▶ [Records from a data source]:
* * * *

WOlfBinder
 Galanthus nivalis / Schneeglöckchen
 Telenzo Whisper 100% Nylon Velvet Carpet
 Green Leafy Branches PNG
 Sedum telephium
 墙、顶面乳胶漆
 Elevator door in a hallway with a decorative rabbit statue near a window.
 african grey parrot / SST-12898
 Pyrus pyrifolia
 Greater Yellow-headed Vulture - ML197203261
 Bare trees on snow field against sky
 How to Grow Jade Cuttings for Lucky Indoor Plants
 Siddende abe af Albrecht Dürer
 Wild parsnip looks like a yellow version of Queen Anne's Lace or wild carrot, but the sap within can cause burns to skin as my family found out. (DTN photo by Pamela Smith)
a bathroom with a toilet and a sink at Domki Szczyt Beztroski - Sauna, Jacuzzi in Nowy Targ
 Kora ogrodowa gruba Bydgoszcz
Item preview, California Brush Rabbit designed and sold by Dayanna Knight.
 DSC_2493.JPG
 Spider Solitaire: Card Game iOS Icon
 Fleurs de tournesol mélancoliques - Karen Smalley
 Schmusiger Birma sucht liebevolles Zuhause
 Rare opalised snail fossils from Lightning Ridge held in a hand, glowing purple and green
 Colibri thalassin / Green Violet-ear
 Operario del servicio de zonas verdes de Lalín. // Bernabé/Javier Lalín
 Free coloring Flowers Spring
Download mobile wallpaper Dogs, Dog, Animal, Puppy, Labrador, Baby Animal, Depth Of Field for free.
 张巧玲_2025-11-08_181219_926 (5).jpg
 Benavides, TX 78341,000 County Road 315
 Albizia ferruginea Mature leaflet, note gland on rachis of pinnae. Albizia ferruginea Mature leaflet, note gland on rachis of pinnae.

* * * *

▶ [YOUR INSTRUCTIONS]: Scan the entries above for the line containing "Siddende abe af Albrecht Dürer", and copy it and all lines after it exactly, down to and including the line containing "a bathroom with".

▶ [EXPECTED OUTPUT]:
 Siddende abe af Albrecht Dürer
 Wild parsnip looks like a yellow version of Queen Anne's Lace or wild carrot, but the sap within can cause burns to skin as my family found out. (DTN photo by Pamela Smith)
a bathroom with a toilet and a sink at Domki Szczyt Beztroski - Sauna, Jacuzzi in Nowy Targ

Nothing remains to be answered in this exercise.